Resolution: The Comptroller General denied the protest, stating:

After learning of the COR's potential negative rating, NASA asked FDC to respond to this information. FDC did so, both explaining its position, and sending the SEB a copy of the response it had sent to the COR. According to FDC's response, the transition effort did not go well for reasons other than FDC's actions; FDC maintained that the follow-on contractor caused many of the problems. Since the COR had not actually assigned FDC a final negative rating, the SEB considered the issue unresolved and did not use it to downgrade FDC in the past performance evaluation… Since the COR had not provided a final rating by the time the SEB was completing its past performance evaluation, and FDC provided a response in which it denied that it was responsible for the difficult transition, it was reasonable not to automatically attribute the problems to FDC. We think the SEB therefore reasonably could conclude that the information available did not support a finding of deficient past performance, and thus did not warrant downgrading FDC.[39]

For an abridged version of the GAO decision in Dynacs Engineering Co., Inc., see Appendix B, Example 4.2.

As with Example 4.1, if a matter dealing with adverse past performance information is not officially resolved at the time of the evaluation, the evaluators are not required to consider it.

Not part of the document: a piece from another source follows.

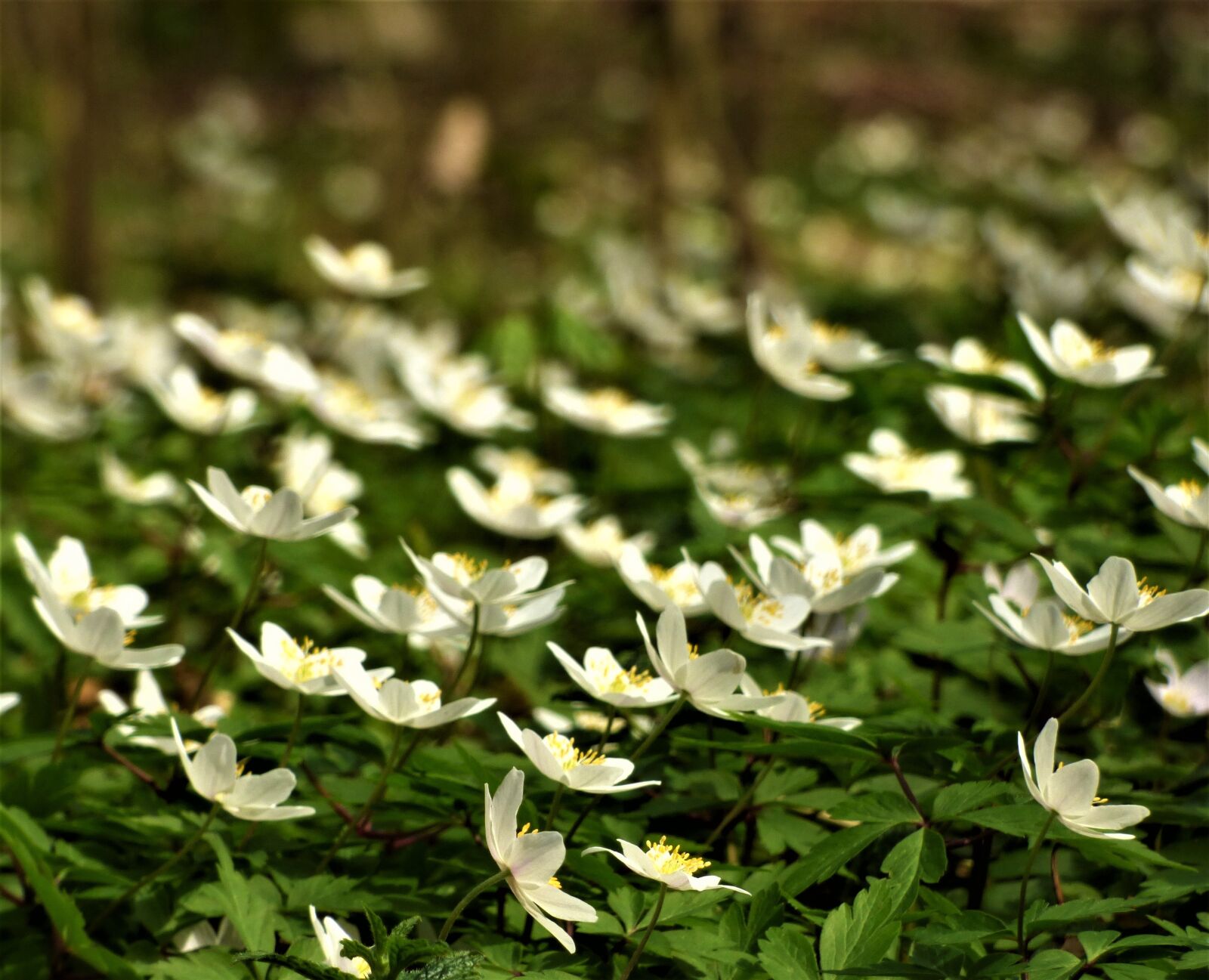 Panasonic DMC-FZ72 sample photo. Wild anemone, forest, anemone photography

However, if the evaluators are aware of a problem, they should allow the offeror to comment on the adverse information, and the offeror's response must be credible. If FDC had not responded with reasonable arguments, the matter might have been resolved differently.

Examples 4.1 and 4.2 involved acquisitions in which discussions were to be conducted and there was time to consider these matters before award. But what happens when award will be made without discussions and time is of the essence? The FAR[40] states that where award will be made without discussions, the agency may (but is not required to) give the offeror an opportunity to clarify adverse past performance information to which the offeror has not previously had an opportunity to respond. Example 4.3, taken from the GAO decision in A.G. Cullen Construction, Inc., B-284049.2, February 22, 2000, provides clarification on this point.

Example 4.3-Clarifying adverse past performance information where award will be made without discussions.

Issue: The solicitation provided for award, without discussion, to the offeror whose proposal represented the best value to the government based on price/ performance tradeoff, with past performance significantly more important than price. The award went to DiCicco. Its price was five percent higher than Cullen's, but it had an excellent past performance rating compared to Cullen's very good rating. One of Cullen's references had provided negative past performance information. Because the award was made without discussion, Cullen had no opportunity to address the negative information. Cullen protested.

Resolution: The Comptroller General explained:

With regard specifically to clarifications concerning adverse past performance information to which the offeror has not previously had an opportunity to respond, we think that, for the exercise of discretion to be reasonable, the contracting officer must give the offeror an opportunity to respond where there clearly is a reason to question the validity of the past performance information, for example, where there are obvious inconsistencies between a reference's narrative comments and the actual ratings the reference gives the offeror. In the absence of such a clear basis to question the past performance information, we think that, short of acting in bad faith, the contracting officer reasonably may decide not to ask for clarifications.

Applying this standard here, we think that the contracting officer reasonably exercised his discretion in deciding not to communicate with Cullen regarding the adverse past performance information received from one of Cullen's references. There is nothing on the face of the reference that would create concerns about its validity. Given the permissive language of FAR 15.306(a)(2), the fact that Cullen may wish to respond to the reference does not give rise to a requirement that the contracting officer give Cullen an opportunity to do so.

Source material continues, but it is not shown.